TO DO: Copy every line from the data below in which the string "Multicolor" can be found.

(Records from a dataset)
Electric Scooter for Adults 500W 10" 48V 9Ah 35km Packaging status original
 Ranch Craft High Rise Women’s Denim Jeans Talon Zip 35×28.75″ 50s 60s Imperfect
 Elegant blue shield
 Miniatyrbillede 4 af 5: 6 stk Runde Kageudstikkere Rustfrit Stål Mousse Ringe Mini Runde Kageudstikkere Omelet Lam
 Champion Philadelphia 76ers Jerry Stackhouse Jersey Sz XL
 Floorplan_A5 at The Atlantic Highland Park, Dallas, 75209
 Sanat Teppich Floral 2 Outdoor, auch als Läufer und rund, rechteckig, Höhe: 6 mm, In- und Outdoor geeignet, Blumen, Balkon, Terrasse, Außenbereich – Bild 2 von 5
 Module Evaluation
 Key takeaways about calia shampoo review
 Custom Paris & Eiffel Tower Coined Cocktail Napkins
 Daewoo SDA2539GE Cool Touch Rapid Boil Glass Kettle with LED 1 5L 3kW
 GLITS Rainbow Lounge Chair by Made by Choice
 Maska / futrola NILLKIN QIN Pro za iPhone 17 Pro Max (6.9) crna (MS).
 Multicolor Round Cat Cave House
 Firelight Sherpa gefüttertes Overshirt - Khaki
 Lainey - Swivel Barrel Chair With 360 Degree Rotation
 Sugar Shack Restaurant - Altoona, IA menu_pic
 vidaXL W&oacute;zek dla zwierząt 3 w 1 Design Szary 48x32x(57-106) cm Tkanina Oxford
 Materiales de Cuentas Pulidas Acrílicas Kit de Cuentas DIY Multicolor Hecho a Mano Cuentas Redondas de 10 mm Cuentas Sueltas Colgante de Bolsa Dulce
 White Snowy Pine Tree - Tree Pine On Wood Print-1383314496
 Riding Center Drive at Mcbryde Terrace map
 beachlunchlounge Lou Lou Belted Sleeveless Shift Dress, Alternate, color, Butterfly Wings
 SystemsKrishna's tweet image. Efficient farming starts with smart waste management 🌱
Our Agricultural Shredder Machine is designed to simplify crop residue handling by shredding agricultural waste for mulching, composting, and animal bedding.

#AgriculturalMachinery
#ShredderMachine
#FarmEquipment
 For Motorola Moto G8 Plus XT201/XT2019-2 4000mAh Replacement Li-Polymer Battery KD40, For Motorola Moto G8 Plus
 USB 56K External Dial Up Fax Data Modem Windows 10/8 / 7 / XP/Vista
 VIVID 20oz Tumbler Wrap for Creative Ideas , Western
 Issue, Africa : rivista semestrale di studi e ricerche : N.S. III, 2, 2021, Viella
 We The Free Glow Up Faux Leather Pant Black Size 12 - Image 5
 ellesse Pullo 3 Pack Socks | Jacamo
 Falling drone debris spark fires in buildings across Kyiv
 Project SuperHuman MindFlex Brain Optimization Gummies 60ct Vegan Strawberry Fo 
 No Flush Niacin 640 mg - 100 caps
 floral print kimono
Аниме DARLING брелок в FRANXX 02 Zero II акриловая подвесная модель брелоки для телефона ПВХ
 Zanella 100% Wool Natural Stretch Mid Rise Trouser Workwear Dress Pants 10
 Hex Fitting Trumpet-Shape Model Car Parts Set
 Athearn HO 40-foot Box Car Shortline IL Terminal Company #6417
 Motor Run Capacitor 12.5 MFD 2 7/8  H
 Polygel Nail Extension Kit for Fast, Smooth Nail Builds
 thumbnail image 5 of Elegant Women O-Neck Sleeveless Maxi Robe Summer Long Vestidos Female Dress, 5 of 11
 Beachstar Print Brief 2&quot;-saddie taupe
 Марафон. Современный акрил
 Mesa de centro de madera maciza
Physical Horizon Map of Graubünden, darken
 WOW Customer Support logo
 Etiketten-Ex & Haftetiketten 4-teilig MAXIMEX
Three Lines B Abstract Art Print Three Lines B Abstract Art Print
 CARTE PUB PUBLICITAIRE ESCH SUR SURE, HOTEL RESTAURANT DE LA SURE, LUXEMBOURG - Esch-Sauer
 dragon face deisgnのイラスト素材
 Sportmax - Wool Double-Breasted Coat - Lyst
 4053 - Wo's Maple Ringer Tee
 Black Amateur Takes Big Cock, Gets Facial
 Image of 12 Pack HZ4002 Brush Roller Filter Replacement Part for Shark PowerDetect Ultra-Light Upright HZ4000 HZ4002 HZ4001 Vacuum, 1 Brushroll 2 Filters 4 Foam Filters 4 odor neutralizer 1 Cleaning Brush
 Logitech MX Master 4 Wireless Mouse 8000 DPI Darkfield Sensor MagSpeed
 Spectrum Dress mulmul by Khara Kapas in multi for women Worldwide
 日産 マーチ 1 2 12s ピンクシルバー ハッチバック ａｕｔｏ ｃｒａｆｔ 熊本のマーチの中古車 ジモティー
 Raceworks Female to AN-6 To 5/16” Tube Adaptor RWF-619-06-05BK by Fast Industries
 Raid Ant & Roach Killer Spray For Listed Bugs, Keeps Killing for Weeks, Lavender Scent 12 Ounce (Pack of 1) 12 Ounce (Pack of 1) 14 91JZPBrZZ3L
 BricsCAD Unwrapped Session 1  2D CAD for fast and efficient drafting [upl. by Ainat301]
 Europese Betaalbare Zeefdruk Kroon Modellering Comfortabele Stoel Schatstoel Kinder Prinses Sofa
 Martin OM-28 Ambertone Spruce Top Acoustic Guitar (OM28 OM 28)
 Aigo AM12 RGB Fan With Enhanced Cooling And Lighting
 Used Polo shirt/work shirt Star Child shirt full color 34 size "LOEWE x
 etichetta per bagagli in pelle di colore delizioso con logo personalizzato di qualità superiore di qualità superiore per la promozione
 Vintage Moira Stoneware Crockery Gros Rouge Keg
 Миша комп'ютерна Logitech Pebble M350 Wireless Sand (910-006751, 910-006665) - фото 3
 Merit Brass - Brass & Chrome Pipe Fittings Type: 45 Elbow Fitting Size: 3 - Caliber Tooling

WRITTEN SOLUTION:
 Multicolor Round Cat Cave House
 Materiales de Cuentas Pulidas Acrílicas Kit de Cuentas DIY Multicolor Hecho a Mano Cuentas Redondas de 10 mm Cuentas Sueltas Colgante de Bolsa Dulce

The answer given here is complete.